I have had a long standing problem with FTP connections over a wireless network from my Powerbook.

The facts:
i) I am running OS 10.3.9 but have had the same problem with 10.4.8 on the same machine.
ii) FTP works fine from same machine using dialup or wired ethernet connection and same FTP client.
iii) FTP works fine from other machines on the same network using the same router and FTP client.

The problem:
FTP simply won't work reliably when I am connected wirelessly, the same problem persists regardless of the client - I use CuteFTP Pro for mac but have the same issue with other clients e.g. Fetch, Transmit, and even the terminal!

I can usually manage to connect to the remote FTP server and often view the directory but any kind of FTP transfer, down or especially up, results in a long hang which normally just sits there for ages doing nothing like it is being blocked.  Since all other variables seem to be removed through testing, I can only assume this has something to do with the OS running on a wireless network.

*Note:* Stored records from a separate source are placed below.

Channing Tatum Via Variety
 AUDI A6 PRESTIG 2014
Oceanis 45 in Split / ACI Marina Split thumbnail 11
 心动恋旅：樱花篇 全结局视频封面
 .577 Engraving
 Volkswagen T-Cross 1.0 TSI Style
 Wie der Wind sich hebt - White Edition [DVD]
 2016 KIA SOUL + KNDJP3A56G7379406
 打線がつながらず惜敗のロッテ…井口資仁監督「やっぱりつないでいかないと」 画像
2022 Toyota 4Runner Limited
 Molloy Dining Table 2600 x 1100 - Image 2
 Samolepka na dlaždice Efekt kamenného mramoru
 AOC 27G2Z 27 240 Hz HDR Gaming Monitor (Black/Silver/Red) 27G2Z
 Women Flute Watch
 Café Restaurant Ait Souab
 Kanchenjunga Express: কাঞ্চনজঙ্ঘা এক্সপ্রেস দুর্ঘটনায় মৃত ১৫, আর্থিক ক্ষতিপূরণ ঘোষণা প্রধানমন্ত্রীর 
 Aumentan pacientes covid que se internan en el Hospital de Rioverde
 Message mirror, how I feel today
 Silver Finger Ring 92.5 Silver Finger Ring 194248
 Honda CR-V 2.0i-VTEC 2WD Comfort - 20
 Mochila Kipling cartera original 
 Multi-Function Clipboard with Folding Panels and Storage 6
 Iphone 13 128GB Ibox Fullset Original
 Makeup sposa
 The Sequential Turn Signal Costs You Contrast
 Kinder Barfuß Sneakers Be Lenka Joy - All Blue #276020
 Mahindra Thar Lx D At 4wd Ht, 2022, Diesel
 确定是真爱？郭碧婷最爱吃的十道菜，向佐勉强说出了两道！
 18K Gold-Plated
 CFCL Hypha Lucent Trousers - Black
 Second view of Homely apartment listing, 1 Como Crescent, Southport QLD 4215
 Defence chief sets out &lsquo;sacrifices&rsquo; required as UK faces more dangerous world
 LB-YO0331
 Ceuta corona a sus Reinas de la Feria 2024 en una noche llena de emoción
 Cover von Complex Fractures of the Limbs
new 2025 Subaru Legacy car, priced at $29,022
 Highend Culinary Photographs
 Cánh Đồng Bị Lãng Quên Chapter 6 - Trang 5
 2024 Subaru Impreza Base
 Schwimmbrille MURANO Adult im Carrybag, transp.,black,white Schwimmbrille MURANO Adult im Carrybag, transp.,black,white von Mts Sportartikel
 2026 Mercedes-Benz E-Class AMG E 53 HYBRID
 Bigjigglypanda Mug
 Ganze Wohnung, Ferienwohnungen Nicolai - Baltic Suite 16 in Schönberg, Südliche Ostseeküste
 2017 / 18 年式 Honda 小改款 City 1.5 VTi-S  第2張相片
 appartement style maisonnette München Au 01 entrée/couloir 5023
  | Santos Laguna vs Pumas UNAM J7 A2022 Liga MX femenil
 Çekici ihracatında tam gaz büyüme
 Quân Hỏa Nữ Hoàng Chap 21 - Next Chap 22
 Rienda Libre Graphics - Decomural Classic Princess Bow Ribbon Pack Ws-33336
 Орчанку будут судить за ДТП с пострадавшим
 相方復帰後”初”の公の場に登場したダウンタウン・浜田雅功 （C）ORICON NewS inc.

Has any body else had this problem - or know of a potential solution as copying to a PC just to FTP is doing my nut! - Incidently, if I FTP into the powerbook from another machine on the network it all works fine - it is only when I try to FTP out to another server via a wireless connection that I have this problem.

Nice one.


----------



## Satcomer (Oct 24, 2006)

Is this wireless network the same network you use when plugging the Mac in and using FTP?


----------



## westykid (Oct 25, 2006)

Yes. That's what's so weird - this problem only happens via a wireless connection. I have had the same problem regardless of the network router - Zoom ADSLX6 or Netgear DG834G.


----------



## Satcomer (Oct 25, 2006)

Well FTP uses  port 21. Somehow the wireless portion is blocking this port. Check the WIRELESS portion of the router's security to see if is blocks port 21.


----------



## westykid (Oct 26, 2006)

I can't find any seperate settings on the router config pages for wireless traffic control - only DMZ/virtual server configs for the whole LAN.  Also, I can FTP fine via a wireless connection to the same network from my PC laptop.  The problem really only seems to be limited to FTP from the powerbook via a wireless connection.


----------